The interesting point is that if we can define an initial order for the vertices of tree \(T\) such that in this order, each vertex's subtree transforms into an interval, then we can use the following method and claim it works correctly.

  • Sort the vertices of \(B\) according to the described order.

  • Now, for every two consecutive vertices in the sorted list we obtained, add their \(lca\) to set \(C\).

  • The union of the two sets \(B\) and \(C\) forms our virtual tree.

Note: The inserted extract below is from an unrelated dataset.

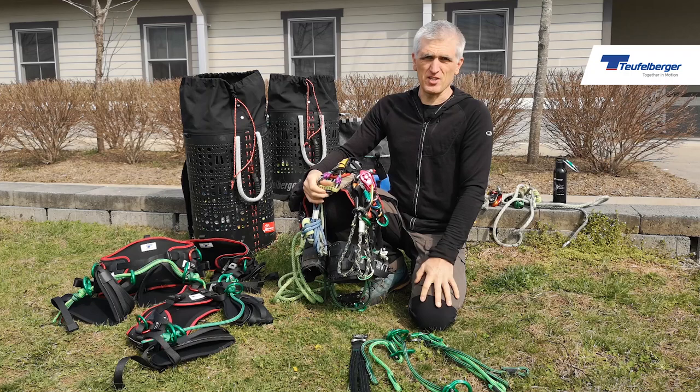Hey, I'm Mark Bridge with TreeMagineers. I'd just like to take a couple of minutes to talk to you about the way I've got my TreeMotion set up.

Why does this algorithm work correctly? We said vertex \(u\) has two children, and there's a vertex from \(B\) in each of their subtrees. In the sorted list on which we performed the algorithm, there exists an interval corresponding to the subtree of \(u\). Within the vertices corresponding to this interval, there must definitely be two vertices belonging to the subtrees of different children of \(u\) (Why?) Therefore, when we calculate \(lca\), vertex \(u\) is added to set \(C\)! Just as we wanted.

Optimal Order?

In the above algorithm, we magically used an order that had an interesting property. But we didn't provide such an order.

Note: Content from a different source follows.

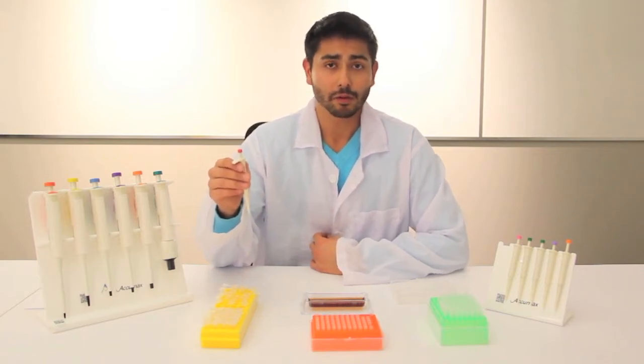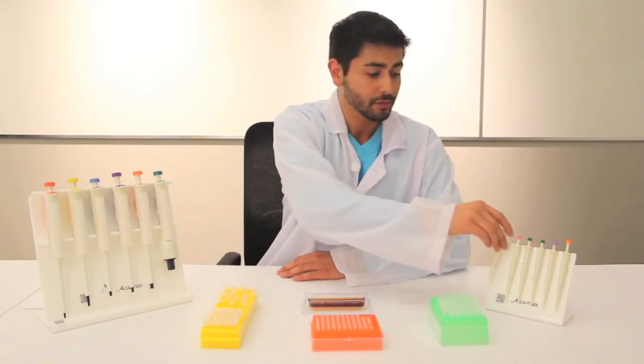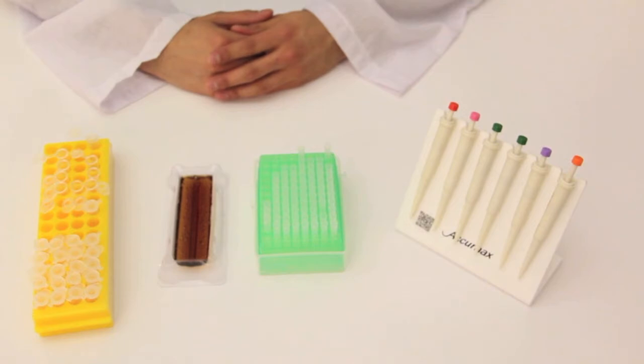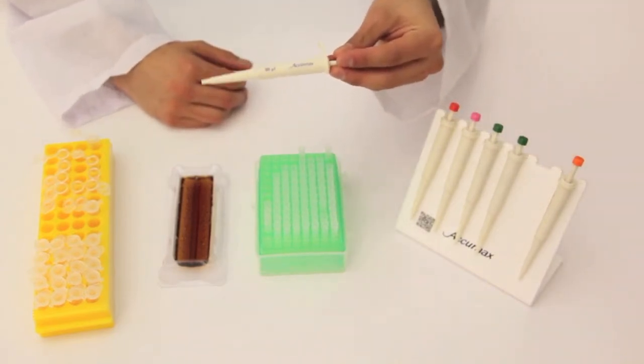So if anything happens to them within three months and they become dysfunctional, just send them back and we'll replace them free of charge. To demonstrate the AcuMax Junior Pipettes, we'll be using the 50 microliters pipette.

You can construct such an order yourself. All methods for constructing such an order are rooted in the DFS algorithm. Why? Because when we want to calculate this order for the subtree of a vertex like \(u\), we must first recursively find such an order for the subtrees of all of \(u\)'s children, and then add vertex \(u\) somewhere between the intervals of two of its children (or before and after all of them).

This is exactly what we call 'starting-time' or 'finishing-time' in DFS, and we discussed it in Chapter 2.

Implementation

const int maxn = 1e5 + 10, max_log = 20;

int start_time[maxn], sparse_table[maxn][max_log], h[maxn];
vector<int> g[maxn];
int Counter = 0;

void dfs(int v, int par = 0){
  h[v] = h[par] + 1;
  sparse_table[v][0] = par;
  for(int i = 1; i < max_log; i++){
      sparse_table[v][i] = sparse_table[sparse_table[v][i-1]][i-1];
  }
  start_time[v] = Counter;
  Counter = Counter + 1;
  for(int u : g[v]){
      if(par != u){
          dfs(u, v);
      }
  }
}

int lca(int a, int b){
  if(h[a] < h[b])
      swap(a, b);
  for(int i = max_log-1; i >= 0; i--){
      if(h[sparse_table[a][i]] >= h[b])
          a = sparse_table[a][i];
  }
  if(a == b)
      return a;
  for(int i = max_log-1; i >= 0; i--){
      if(sparse_table[a][i] != sparse_table[b][i])
          a = sparse_table[a][i], b = sparse_table[b][i];
  }
  return sparse_table[a][0];
}

vector<int> build_virtual_tree(vector<int> vec){
  sort(vec.begin(), vec.end(), [](int a, int b){ return start_time[a] < start_time[b]; }); // sort on starting time
  for(int i = vec.size()-1; i > 0; i--){
      vec.push_back(lca(vec[i], vec[i-1]));
  }
  sort(vec.begin(), vec.end(), [](int a, int b){ return start_time[a] < start_time[b]; });
  vec.resize(unique(vec.begin(), vec.end())-vec.begin());
  return vec;
}

Also, note that if vertex \(u\) is in the virtual tree, and the vertex preceding it in the starting-time order is \(v\), then the virtual parent of \(u\) is equal to \(lca(u, v)\). (Why?)

To calculate \(lca\) in the code above, a method with \(O(lg(n))\) time complexity was used, and finally, finding the virtual tree expansion of set \(B\) was done in \(O(|B| \times lg(n))\) time.